Art Gore Combo
February 8, 2020 by Jim Woodford
Cincinnati Downtown Main Library
Jazz of the Month Club
On February 8th, 2020 – my granddaughter and I traveled to downtown Cincinnati to hear one of my favorite drummers, Art Gore and his combo. His performance was part of the Jazz of the Month Club presented at the downtown main library in Cincinnati. Not getting a chance to hear Art Gore all that much – not since last Summer at the Levitt Pavilion in downtown Dayton, we headed on down – February is also Black History Month but in the spirit of what my experience has discovered - the lack of color issues in jazz musicians – you can play, or you can’t play – the group was a melding of color and a highly enjoyable jazz afternoon!
The combo kicked off with a Gigi Grice tune entitled Minority, probably made the most famous by alto saxist Cannonball Adderley.

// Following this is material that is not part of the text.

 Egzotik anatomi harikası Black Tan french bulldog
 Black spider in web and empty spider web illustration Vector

Art always swings and the group swung right along with him, Brent Gallaher on tenor sax, the inimitable Jim Anderson on bass and Mike Darrah on piano. It was almost too good! They followed this presentation with Blues March by Benny Golson, one of my favorite composers. Art explained that when he was in the service he played a lot of marches and often found himself feeling blue, consequently, Blues March was highly relatable. Art did the anticipated drum solo justice. Next up was a bit of surprise, Masquerade by Leon Russell – OK, let me back up here – first, I had not realized Masquerade was written by Leon Russel but in the deep recesses of my mind, I did know that Art Gore played with George Benson who had a monster hit with Masquerade. They ended the first set with an absolutely beautiful tune entitled Moon Alley, written by trumpeter Tom Harrell. I do want to say that Jim Anderson laid down a very special bass solo.

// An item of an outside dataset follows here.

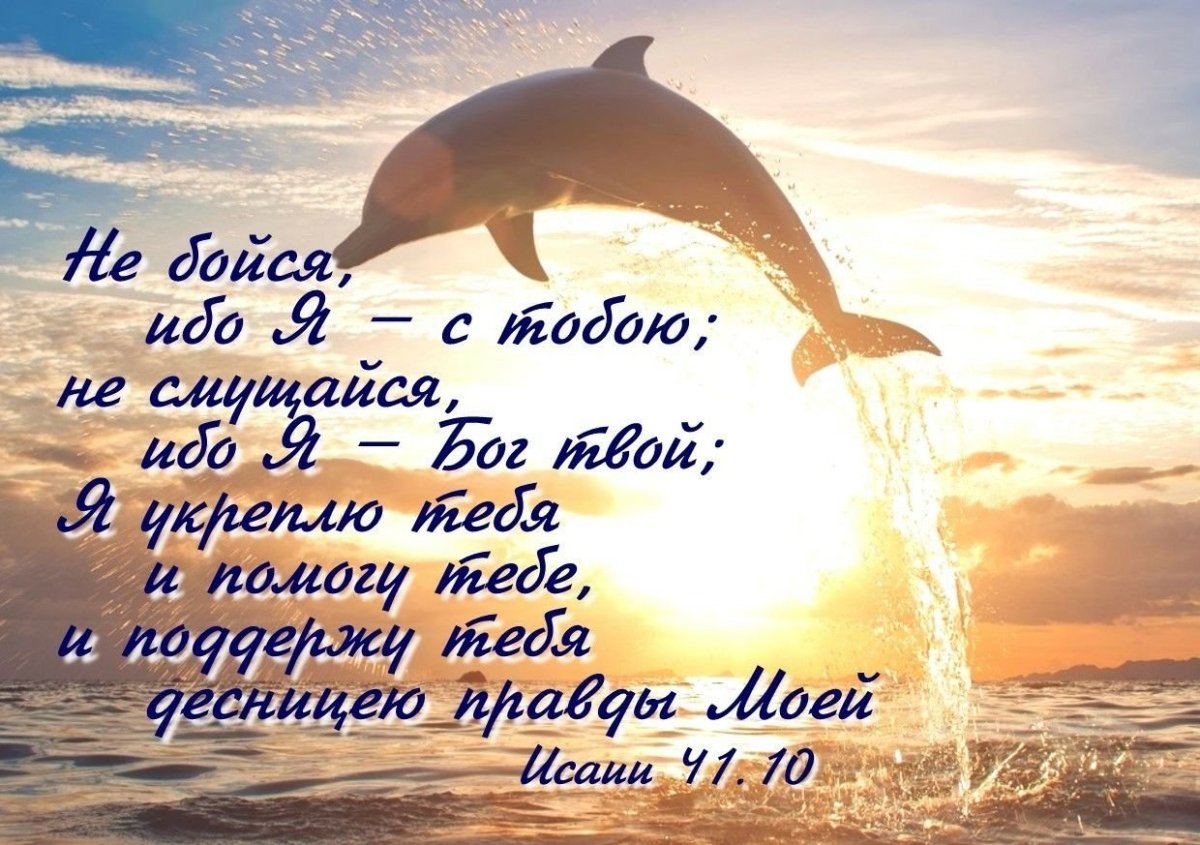 Стихи из Библии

Following a short break, which included more crowd interaction than actual taking of a break, the combo played an Art Gore original, T & 3; Soul Cookin’ – apologies to Art Gore if I did not get the exact title conveyed in writing. As might be expected, there was ample room for Art to stretch out on a drum solo and Art always has something interesting to say. Next up was My One and Only Love – Art admonished all the young men in attendance to get out there and study the lyrics of this one if they wanted to improve their chances with the ladies – hey, after all, February is also Valentine’s month. They finished with a beautiful interpretation of the Horace Silver tune, Nica’s Dream. It was a wonderful Sunday afternoon experience. My granddaughter was particularly enamored with the piano work of Mike Darrah, others in the crowd definitely agreed. Brent Gallaher was his usual multi-faceted, multi-talented tenor sax player – you can catch Brent at his jazz club in Cincinnati, Café Vivacé.